* **Captioned web images**:
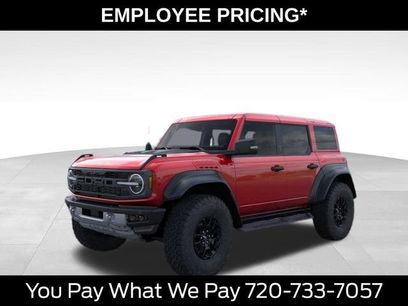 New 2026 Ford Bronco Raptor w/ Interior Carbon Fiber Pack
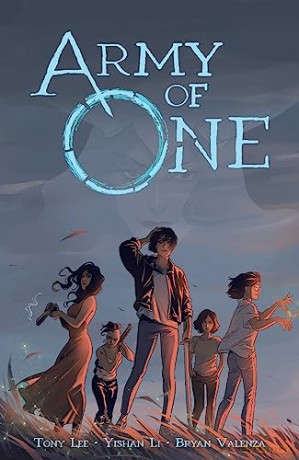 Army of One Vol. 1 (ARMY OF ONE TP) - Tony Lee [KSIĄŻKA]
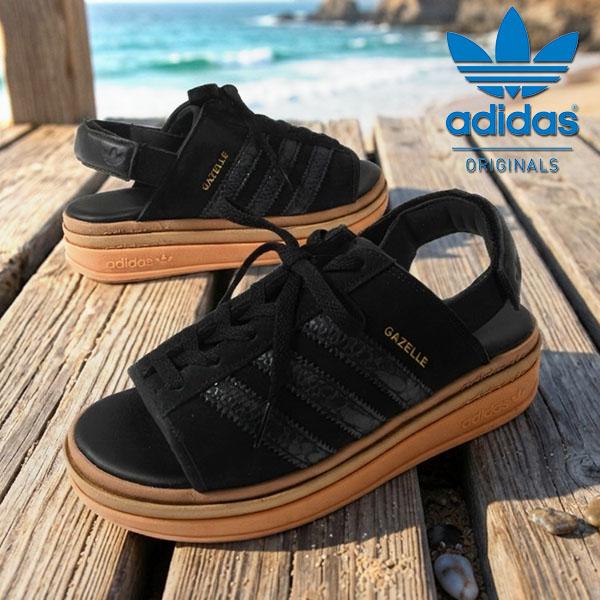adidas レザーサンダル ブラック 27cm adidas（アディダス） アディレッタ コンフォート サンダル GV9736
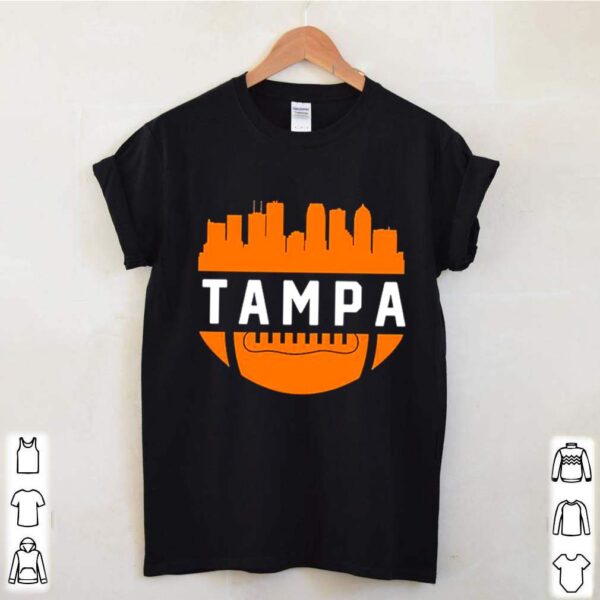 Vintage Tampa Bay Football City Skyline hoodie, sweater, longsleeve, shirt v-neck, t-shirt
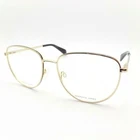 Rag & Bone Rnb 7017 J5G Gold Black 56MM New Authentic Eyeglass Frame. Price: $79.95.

* **TO DO**: Your task is to retype, exactly and only, the lines from the line holding "adidas レザーサンダル ブラック" through the final line of the data above, with both ends kept. Drop the pictures.

* **ANSWER FOR THIS EXERCISE**:
adidas レザーサンダル ブラック 27cm adidas（アディダス） アディレッタ コンフォート サンダル GV9736
 Vintage Tampa Bay Football City Skyline hoodie, sweater, longsleeve, shirt v-neck, t-shirt
 Rag & Bone Rnb 7017 J5G Gold Black 56MM New Authentic Eyeglass Frame. Price: $79.95.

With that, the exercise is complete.